Иногда приходится быть свидетелем очень показательных в этом смысле случаев. Так, начинающие режиссер и актер, студенты третьего курса, репетируют сцену из первого действия чеховской «Чайки» — диалог Треплева, который ждет опаздывающую Нину Заречную, с Со-риным. Очень важный разговор о предстоящем спектакле, о пьесе, об Аркадиной, о Тригорине...

Естественно, что при этом как-то разбираются предлагаемые об­стоятельства пьесы, а затем режиссер определяет основное событие данной сцены — «предстоящий спектакль».

Это определение не вызывает никаких возражений у актера, он с ним охотно соглашается.

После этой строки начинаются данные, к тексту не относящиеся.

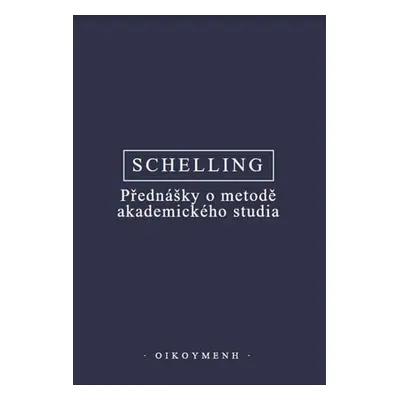 Přednášky o metodě akademického studia - Friedrich Wilhelm Joseph Schelling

Но одновременно событие не рождает у него активных эмоциональных побуждений к действиям или интересных приспособлений, он остается внутренне пассивным... Тогда режиссер предлагает актеру достаточно четкую линию поведения (она включает в себя и конкретные физические действия — что-то подправить, про­верить, доделать в связи с предстоящим сейчас спектаклем, — и нерв­но-напряженное ожидание Нины, и желание заставить Сорина ощу­щать всю сложность и значимость свершающегося события и т. д.)

После нескольких репетиций актер, отнюдь не лишенный способ­ностей, выполняет эту линию поведения достаточно органично. Но в то же время и актер, и режиссер понимают, что даже крошечного шага к созданию образа пока не сделано, что эмоциональная природа актера по-настоящему не разбужена, что актер существует в своей удобной, привычной, жизненной манере поведения, что никаких новых качеств своей индивидуальности он пока в роли не раскрывает, словом, что он повторяется.

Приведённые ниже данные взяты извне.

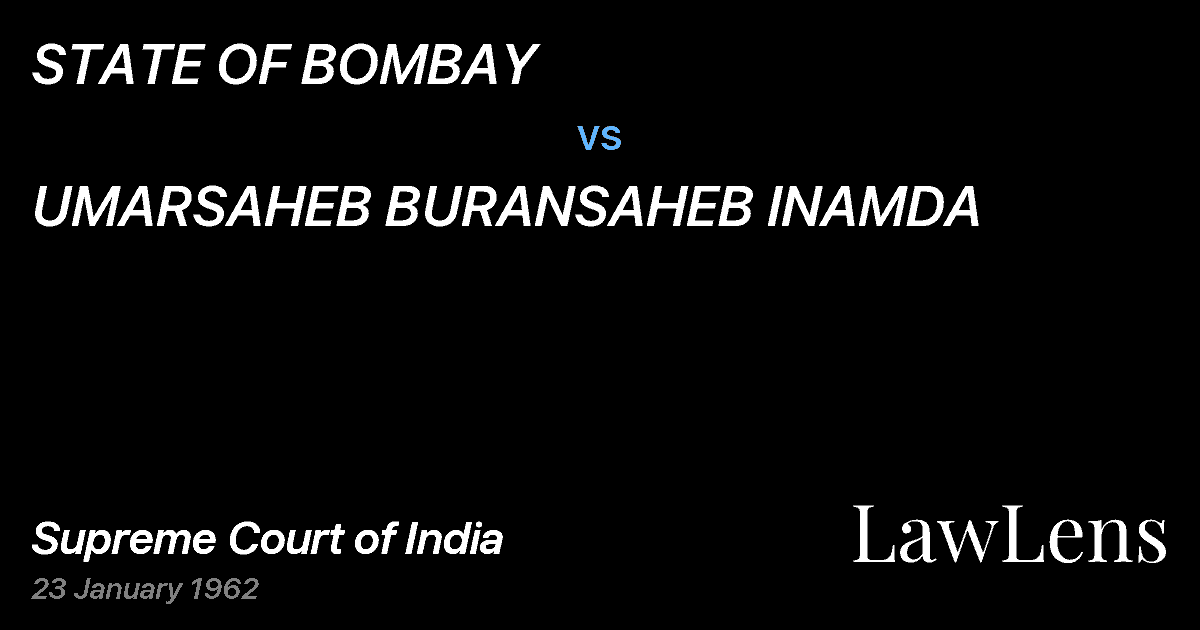 Preview image for STATE OF BOMBAY vs. UMARSAHEB BURANSAHEB INAMDA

Режиссер пытается вернуться к разговору о важнейших пред­лагаемых обстоятельствах роли, но актеру кажется, что начинается болтовня, ненужное, мешающее работе многословие, он раздражается и, наконец, просит, чтобы режиссер точно и ясно сформулировал сверхзадачу всей роли, так как ему не понятно нечто самое главное — суть создаваемого характера.

Режиссер с готовностью формулирует сверхзадачу роли Треплева: найти те истинно новые формы в искусстве, в которых он может мак­симально выразить себя, все то, что его мучает. Хорошо помнится инто­нация нескрываемого разочарования, когда, услышав это определение, актер протянул: «Понятно...». Ему эта формула ни о чем не говорила. Его пока ничего не мучило. Ему были лишь «в общем», «вообще» (слова, не­навидимые Станиславским) понятны главные обстоятельства жизни Треплева и значение совершающегося в данной сцене события.

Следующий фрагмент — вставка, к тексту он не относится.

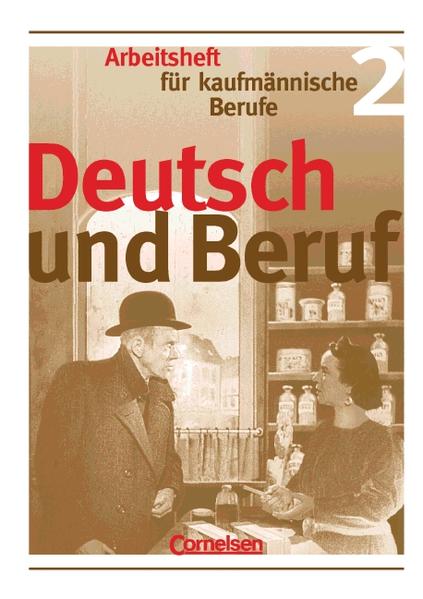 Deutsch und Beruf - Kaufmännische Berufe / Heft 2 - Arbeitsheft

Мучительная потребность Треплева высказаться, так же как и все обстоятельства, питающие эту потребность, делающие немедленное удовлетворение ее столь жгуче необходимым, были от него весьма далеки. Не случайно актер тут же выразил сомнение, позволит ли такая сверхзадача найти «новое решение» образа Треплева, так как она представляется ему банальной. Да она, естественно, и была такой, поскольку ничего своего, личного, он в нее не вкладывал. А затем актер начал разговор о необходимости новых красок и приспособлений для роли Треплева по принципу: пусть все будет наоборот и, главное, не так, как было. (Разговор, который никогда не приводит к интересным и серьезным результатам.)

Надо сказать, что прошел довольно длинный и нелегкий период работы, пока актер начал постепенно наполнять предложенную ему сверхзадачу эмоционально-образным содержанием.

Сверхзадача — самое сложное, пожалуй, из методологических по­нятий, данных Станиславским. И сложность заключается в том, что сверхзадачу недостаточно определить, ею надо овладеть. Овладение сверхзадачей начинается с того момента, когда актер ощущает, что та или иная из его личных духовных потребностей находит в достижении данной цели, в движении к ней свое удовлетворение.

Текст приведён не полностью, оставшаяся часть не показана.